- **What the task requires**: Please repeat the whole listing exactly, but leave out any picture it holds.

- **Data**:
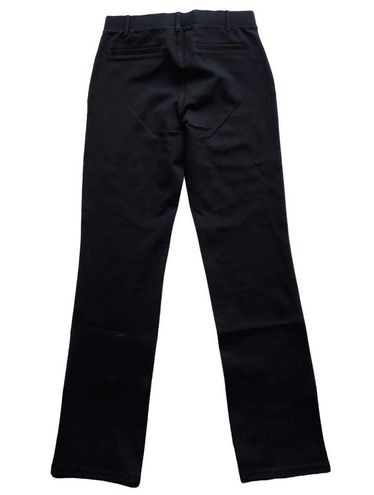 Quince Ultra Stretch Ponte Straight Leg Pocket Pant Black Size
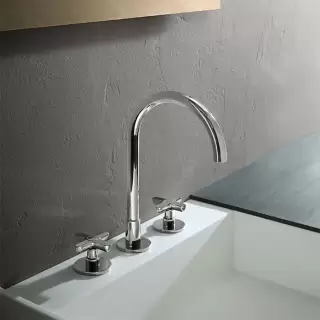 Fantini Icona Classic Смеситель для раковины, 3 отверстия, цвет: хром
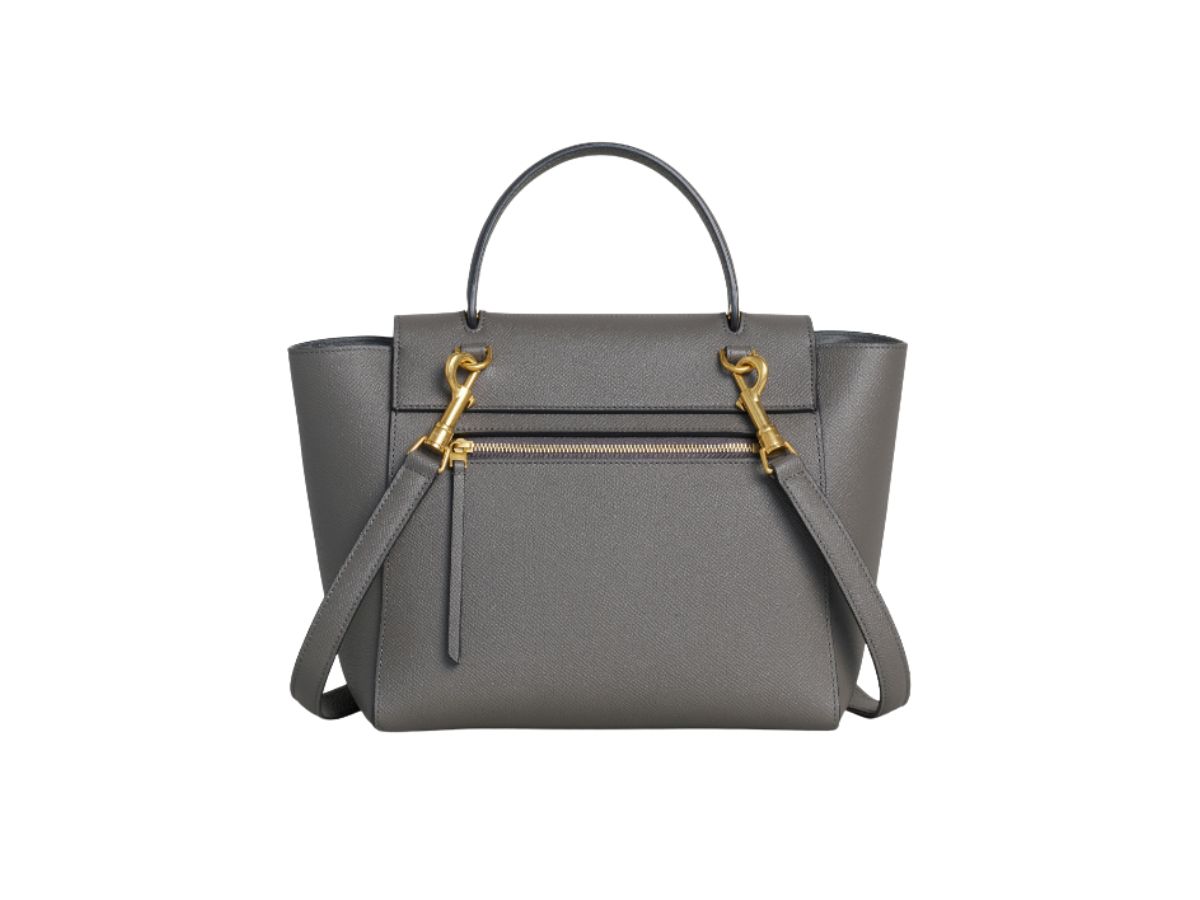 SASOM bags Celine Micro Belt Bag In Grained Calfskin With Gold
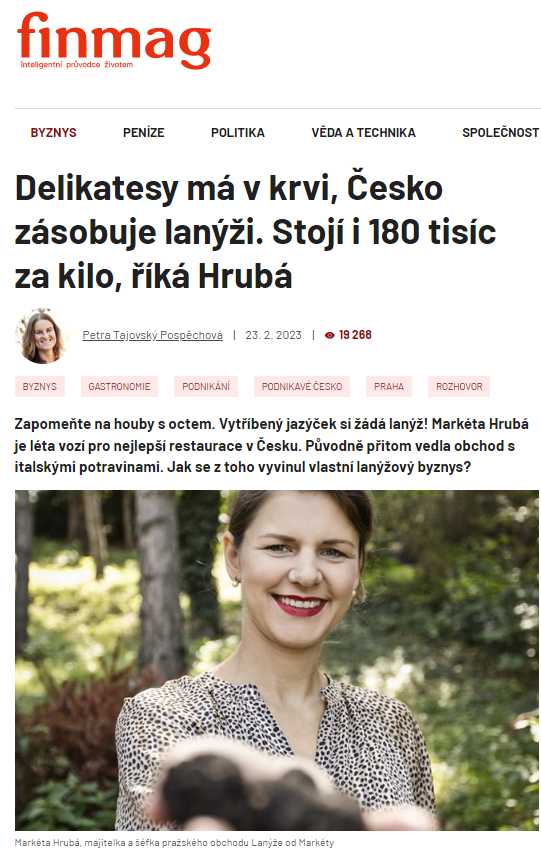NAPSALI O NÁS: online FINMAG.CZ 23.02.2023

- **Reply**:
 Quince Ultra Stretch Ponte Straight Leg Pocket Pant Black Size
 Fantini Icona Classic Смеситель для раковины, 3 отверстия, цвет: хром
 SASOM bags Celine Micro Belt Bag In Grained Calfskin With Gold
NAPSALI O NÁS: online FINMAG.CZ 23.02.2023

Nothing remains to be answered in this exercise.